New York, primavera 1914. Emanuel si è «lasciato alle spalle una rete ormai disintegrata di relazioni affettive e sociali», non ha un centesimo in tasca, ma tanta fame e tanta rabbia in corpo. Fa mille mestieri - garzone, lavapiatti, cameriere ecc. - in un crescendo di abiezione, tra camere ammobiliate, strade malfamate, puttane malandate. Con malattie veneree al seguito. E una fame inestinguibile: «Io e la miseria ci accoppiavamo come due cani all'angolo di una strada». Ma… Ma «c'era sempre una piccola luce splendente che mi guidava attraverso l'America, questo paese nero: sapevo di essere un poeta e avevo in animo il desiderio di scrivere. Ce n'erano milioni come me; e se questi milioni avessero avuto una voce, sarebbe stata la voce di Dio...». Poi, un giorno, arriva suo fratello, il primogenito Augusto, quello che era stato affidato al padre e che ora è qui con lui, a condividere la miseria: e sono «due naufraghi su una zattera nel mezzo dell'oceano», tutti e due, però, «pieni d'Italia», come pieni d'Italia sono i loro discorsi e le loro risate. A vent'anni, nel 1917, Emanuel ha ormai imparato la nuova lingua che mai più abbandonerà, ha cominciato a vendere le sue poesie alla rivista The Seven Arts, si è sposato con una giovane emigrata di origine piemontese, Emilia Valenza.
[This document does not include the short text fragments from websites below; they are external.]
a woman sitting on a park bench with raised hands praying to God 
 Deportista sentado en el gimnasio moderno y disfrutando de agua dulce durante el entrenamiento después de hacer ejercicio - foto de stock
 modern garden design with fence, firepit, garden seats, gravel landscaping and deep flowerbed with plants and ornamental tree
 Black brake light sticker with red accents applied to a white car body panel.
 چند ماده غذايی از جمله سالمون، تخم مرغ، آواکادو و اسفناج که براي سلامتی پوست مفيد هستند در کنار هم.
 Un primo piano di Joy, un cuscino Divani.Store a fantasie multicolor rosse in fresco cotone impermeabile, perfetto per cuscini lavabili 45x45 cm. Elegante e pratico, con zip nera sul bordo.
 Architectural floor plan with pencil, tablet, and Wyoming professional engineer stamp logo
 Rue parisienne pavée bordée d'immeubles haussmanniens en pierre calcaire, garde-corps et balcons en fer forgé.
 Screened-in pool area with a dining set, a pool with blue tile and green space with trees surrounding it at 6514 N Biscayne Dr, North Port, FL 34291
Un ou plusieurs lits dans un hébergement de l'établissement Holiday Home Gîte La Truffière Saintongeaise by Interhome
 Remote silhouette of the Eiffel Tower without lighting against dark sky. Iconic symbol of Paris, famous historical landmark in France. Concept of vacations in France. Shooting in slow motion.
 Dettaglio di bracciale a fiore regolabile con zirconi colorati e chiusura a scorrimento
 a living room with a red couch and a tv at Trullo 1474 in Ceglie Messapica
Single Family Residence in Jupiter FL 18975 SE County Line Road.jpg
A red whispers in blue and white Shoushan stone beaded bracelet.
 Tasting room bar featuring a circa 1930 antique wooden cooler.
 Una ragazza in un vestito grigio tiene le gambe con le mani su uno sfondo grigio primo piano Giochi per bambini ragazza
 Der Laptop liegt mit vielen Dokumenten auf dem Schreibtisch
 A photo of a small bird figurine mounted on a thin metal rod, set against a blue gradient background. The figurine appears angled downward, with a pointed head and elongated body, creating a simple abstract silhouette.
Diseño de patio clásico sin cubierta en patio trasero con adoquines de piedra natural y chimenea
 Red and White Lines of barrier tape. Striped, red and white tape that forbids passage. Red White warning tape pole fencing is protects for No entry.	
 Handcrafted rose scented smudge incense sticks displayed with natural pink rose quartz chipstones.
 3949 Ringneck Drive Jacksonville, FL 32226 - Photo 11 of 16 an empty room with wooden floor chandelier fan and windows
Lui è un marito tenero, lei, una sposa adorante: ma il matrimonio durerà solo due anni. Si fa sempre più solida, invece, la vocazione poetica: Emanuel pubblica alcune poesie sulla rivista Poetry di Chicago, conosce e frequenta le avanguardie letterarie americane, stringe amicizia con William Carlos Williams e Carl Sandburg che gli apriranno le porte dell'altra rivista letteraria del momento, Others. Sono anni di fervore creativo: insieme ai suoi amici, Emanuel, vive l'avventura della creazione della dissipazione, con ebbrezze e furori che evocano Rimbaud e anticipano la "beat generation". «La poesia è la vita», proclama. La sua urgenza di "vero" lo spinge a scavare nel cuore della metropoli, in una cerca affannosa. Deve svelare, svelarsi. Non è questo lampo, la poesia? Gli incubi del passato pesano, fanno sanguinare il presente: «La follia verrà a sedersi accanto a me/ e mi passerà/ le mani nei capelli». Negli intensi "Cenni biografici" che ha stilato, Francesco Cappellini evidenzia questa oltraggiosa oltranza di Carnevali, ma ce ne mostra anche l'energia propositiva, perché Emanuel entra in contatto epistolare con i più importanti scrittori italiani del momento - Palazzeschi, Govoni, Saba, Slataper, Soffici, Papini - e per primo li fa "sbarcare" in America traducendoli in inglese.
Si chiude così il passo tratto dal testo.